Osmanlı zamanında “bedelli asker” uygulaması vardır. Kayseri, Malatya yöresinden derlenen bir türküde bu şöyle ifade edilir:

Yemen yolu çukurdandır
Karavanam bakırdandır
Zenginimiz bedel verir
Askerimiz fakirdendir

İmparatorluk coğrafyası içinde bize en pahalıya mal olan yer Yemen olmuştur. Yemen o kadar gencimizi yutmuştur ki, XX. yüzyılın başlarında Anadolu'da Yemen'e asker göndermeyen aile yok gibidir. Âşık Hüseyin şöyle der;

Bir alay askerdik bindik gemiye
O gemi götürür bizi Yemen’e
Şükür o Yemen’den geri dönene.

İshak Sunguroğlu’nun Elazığ ve Muş yöresinden derlediği yürek sızlatan Yemen türküsü geride kalanların ıstırap ve heyecanının tercümanı olarak bir ağıt şeklinde ortaya çıkmış ve nesilden nesile aktarılarak bu güne kadar yaşamış, bundan sonra da yıllarca yaşayacaktır.
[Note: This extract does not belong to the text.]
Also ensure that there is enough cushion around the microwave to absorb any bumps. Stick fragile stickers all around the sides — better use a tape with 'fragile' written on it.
Havada bulut yok, bu ne dumandır?
Mahlede ölüm yok, bu ne şivandır?
Şu Yemen elleri ne de yamandır.

Ano Yemen’dir, gülü çemendir,
Giden gelmiyor, acep nedendir?

II. Meşrutiyet döneminde Yemen'de valilik yapmış olan Mahmud Nedim AKDİLEK'in şu cümleleri ne kadar anlamlıdır: “Fethettiğimiz günden terk ettiğimiz zamana kadar Yemen'i ne bildik, ne anladık, ne öğrendik ne de idare edebildik.”
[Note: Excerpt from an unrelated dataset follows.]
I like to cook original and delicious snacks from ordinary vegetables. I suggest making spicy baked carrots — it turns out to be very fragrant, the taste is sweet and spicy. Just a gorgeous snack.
Sonuç olarak türkülere, ağıtlara konu olan, hikâyeleriyle yürekleri sızlatan Yemen, Anadolu insanı için ayrılık, özlem, acı ve gözyaşı demektir. Çünkü henüz küçük yaşta ‘kutsal toprakları koruma’ amacıyla yollara düşmüş Anadolu evlatlarının çöllerde, susuz vadilerde ve sarp kayalıklarda ‘kırıldığı’ Yemen, tüm Anadolu'nun mezarlığı olmuştur. Bizim için bütün Yemen bir Türk şehitliğidir.